Stream: Panel 25 - Comparative Politics: Faithful Contestations: Democratic Learning Curve of Islamists
Date: Tuesday, 27 September 2016
Time: 11.30 am – 1.00 pm

Abstract

The Islamic Republic of Iran (IRI) projects its form of government that brings Islam and democracy together. Accordingly, the IRI is at once legitimised by following Islamic teachings and enjoying popular support. This perspective masks an underlying contradiction at the heart of the IRI which has caused periodic crises, at times presenting it with existential challenges. The contradiction hinges on the question of sovereignty and source of political legitimacy. Divine rule and popular mandate point to very different modes of government and political rule. This is why the procedural commitments to elections and popular mandate has presented the IRI with surprising challenges, most recently with the election of Hassan Rouhani who has negotiated a nuclear deal with Western powers.

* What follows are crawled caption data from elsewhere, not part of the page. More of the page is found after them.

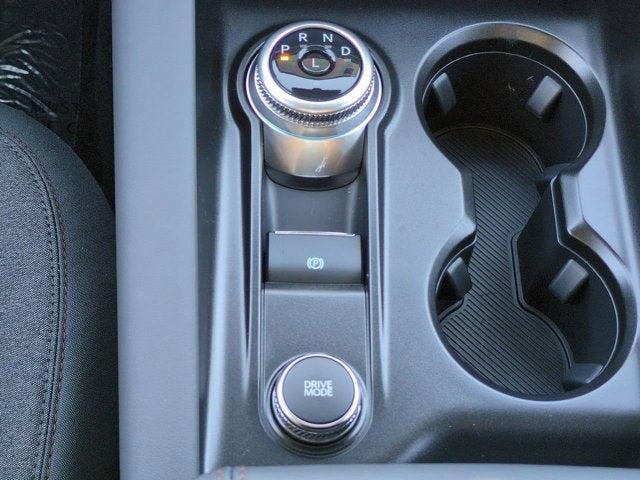 new 2025 Ford Explorer car, priced at $36,450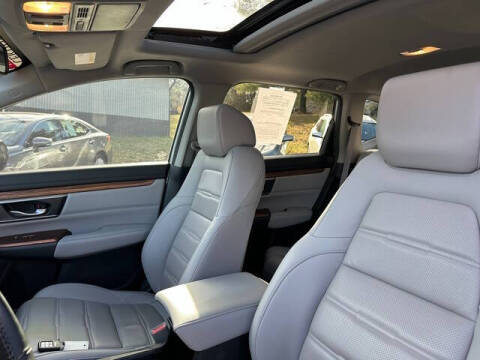 2020 Honda CR-V Hybrid EX-L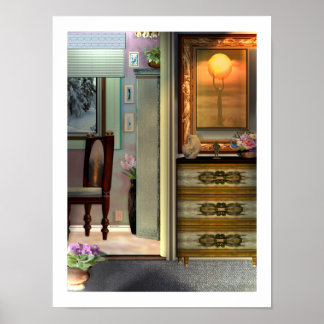 Style LeeMarie's creative design Poster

While the deal promises to remove crippling sanctions and boost Iranian economy, it also subjects Iran to an unprecedented inspection regime which many in the political elite view as humiliating and oppressive. This paper explores the uneasy relationship between divine and popular sovereignty, and how the government of president Rouhani has leveraged his popular mandate for change to push back against ideological red lines. The paper will conclude with an assessment of the extent to which this push for reform against ideological pillars of the state, most notably divine sovereignty, may be successful in reversing the hierarchy of authority in the IRI.

Authors

Shahram Akbarzadeh (Presenter), Deakin University
Shahram Akbarzadeh is Research Professor of Middle East & Central Asian Politics based at Deakin University and holds the prestigious ARC Future Fellowship. His research interests lie in Middle East politics, Central Asia politics, political Islam and extremism and Islam in the West. He has published more than 40 refereed papers in leading international journals. Among his latest publications are a sole-authored book on Uzbekistan and the United States, a co-authored book on US Foreign Policy in the Middle East, and a co-authored book on Muslim Active Citizenship in the West.

James Barry (Presenter), Deakin University
James Barry is an Associate Research Fellow with Alfred Deakin Institute for Citizenship and Globalisation (ADI). James’ research interests involve the intersections of religious, linguistic and national conceptions of identity in the Middle East, specifically Iran. James speaks Armenian and Persian-Farsi.James has published in a variety of journals, including the British Journal of Middle Eastern Studies, the Muslim World and Islam and Christian-Muslim Relations. James was also involved in research on decision-making among irregular maritime arrivals to Australia or living in Indonesia, particularly migrants from Iran, Iraq and Afghanistan. James was a lecturer at Monash University from 2012 to 2014.